» **WHAT IS REQUIRED**
The entries below hold a line with "Hello everyone and" and a line with "Even cooler, this". Return those lines and all that lie between them, exactly and only.

» **SUPPLIED RECORDS**
——
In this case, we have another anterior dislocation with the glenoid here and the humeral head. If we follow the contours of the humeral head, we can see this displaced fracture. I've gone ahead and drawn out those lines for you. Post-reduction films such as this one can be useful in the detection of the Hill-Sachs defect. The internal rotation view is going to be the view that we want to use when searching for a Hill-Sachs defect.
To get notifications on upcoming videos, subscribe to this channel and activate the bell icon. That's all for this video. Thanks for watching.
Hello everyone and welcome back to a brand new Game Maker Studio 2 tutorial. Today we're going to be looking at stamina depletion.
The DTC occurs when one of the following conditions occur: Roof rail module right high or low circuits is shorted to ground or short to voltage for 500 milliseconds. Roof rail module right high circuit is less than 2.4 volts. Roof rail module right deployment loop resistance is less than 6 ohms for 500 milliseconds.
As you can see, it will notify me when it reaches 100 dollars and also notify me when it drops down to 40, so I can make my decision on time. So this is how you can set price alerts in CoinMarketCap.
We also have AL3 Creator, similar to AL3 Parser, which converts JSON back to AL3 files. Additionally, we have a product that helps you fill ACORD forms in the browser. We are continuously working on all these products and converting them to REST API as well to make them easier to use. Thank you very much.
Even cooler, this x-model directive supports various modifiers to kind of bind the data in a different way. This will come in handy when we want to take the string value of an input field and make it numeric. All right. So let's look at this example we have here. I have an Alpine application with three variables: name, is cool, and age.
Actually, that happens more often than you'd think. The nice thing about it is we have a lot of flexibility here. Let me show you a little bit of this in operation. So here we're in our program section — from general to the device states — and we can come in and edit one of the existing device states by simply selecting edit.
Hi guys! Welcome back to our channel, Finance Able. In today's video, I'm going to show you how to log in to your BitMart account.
——
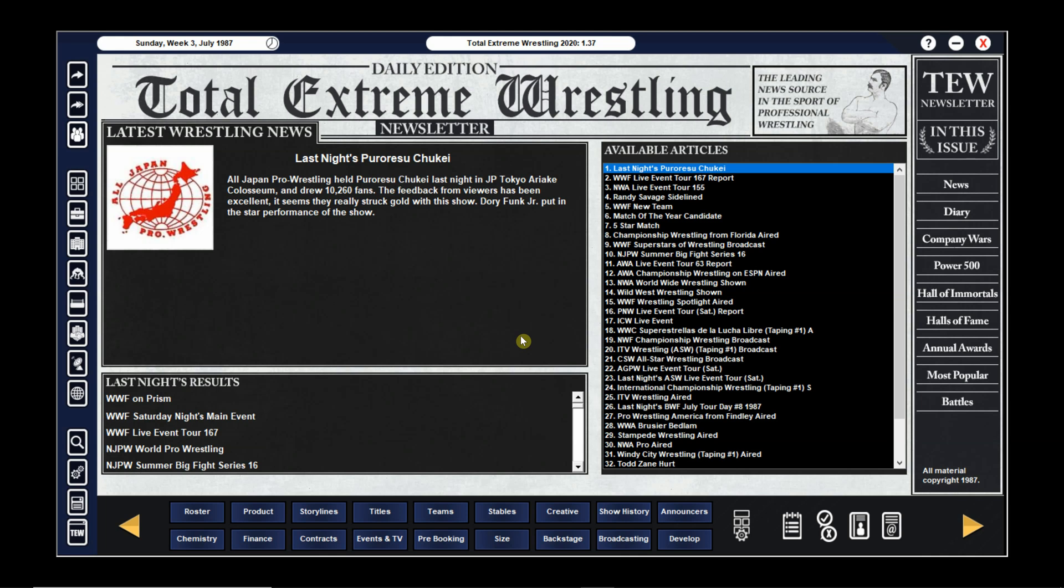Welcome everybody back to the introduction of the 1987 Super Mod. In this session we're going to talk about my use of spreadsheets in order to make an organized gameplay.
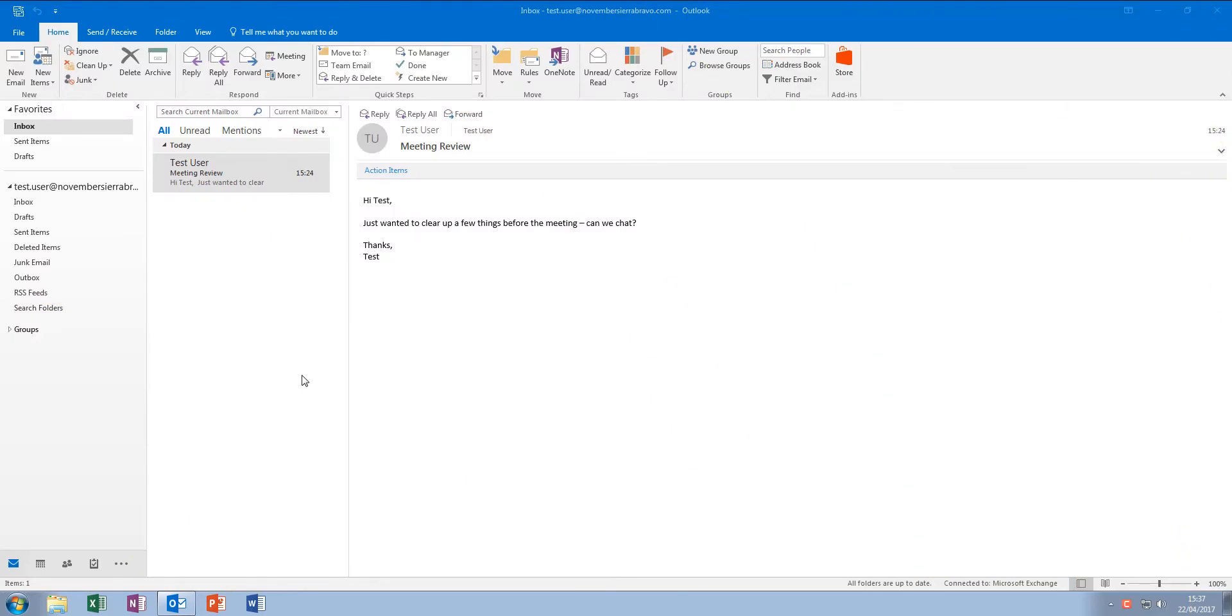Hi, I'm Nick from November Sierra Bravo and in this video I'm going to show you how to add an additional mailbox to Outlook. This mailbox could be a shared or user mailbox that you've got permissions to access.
——
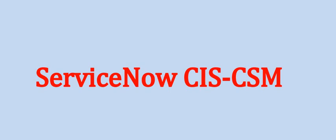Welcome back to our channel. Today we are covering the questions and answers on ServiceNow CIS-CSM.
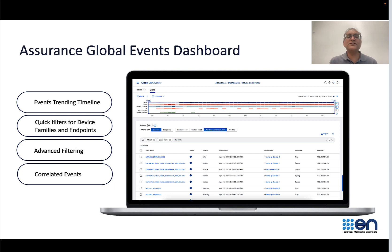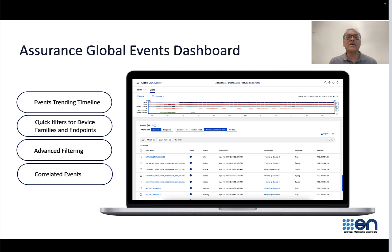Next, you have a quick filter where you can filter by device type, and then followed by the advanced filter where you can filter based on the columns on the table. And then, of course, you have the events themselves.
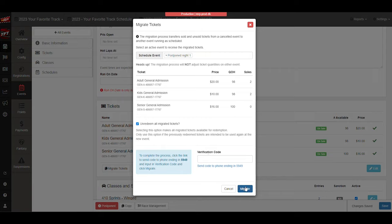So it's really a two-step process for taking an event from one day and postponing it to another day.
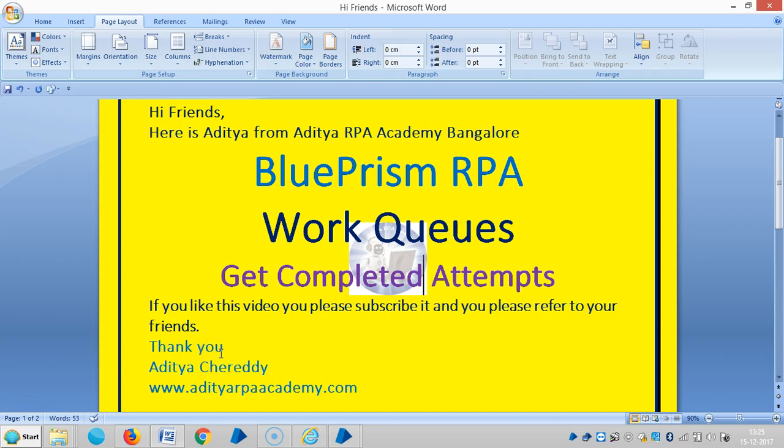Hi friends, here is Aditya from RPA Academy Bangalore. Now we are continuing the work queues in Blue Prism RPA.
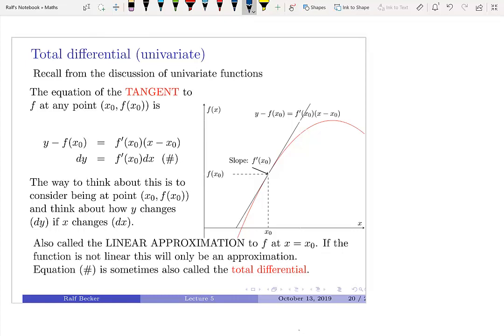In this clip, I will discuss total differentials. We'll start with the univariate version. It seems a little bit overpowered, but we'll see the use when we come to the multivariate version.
——
» **ANSWER AREA**
Hello everyone and welcome back to a brand new Game Maker Studio 2 tutorial. Today we're going to be looking at stamina depletion.
The DTC occurs when one of the following conditions occur: Roof rail module right high or low circuits is shorted to ground or short to voltage for 500 milliseconds. Roof rail module right high circuit is less than 2.4 volts. Roof rail module right deployment loop resistance is less than 6 ohms for 500 milliseconds.
As you can see, it will notify me when it reaches 100 dollars and also notify me when it drops down to 40, so I can make my decision on time. So this is how you can set price alerts in CoinMarketCap.
We also have AL3 Creator, similar to AL3 Parser, which converts JSON back to AL3 files. Additionally, we have a product that helps you fill ACORD forms in the browser. We are continuously working on all these products and converting them to REST API as well to make them easier to use. Thank you very much.
Even cooler, this x-model directive supports various modifiers to kind of bind the data in a different way. This will come in handy when we want to take the string value of an input field and make it numeric. All right. So let's look at this example we have here. I have an Alpine application with three variables: name, is cool, and age.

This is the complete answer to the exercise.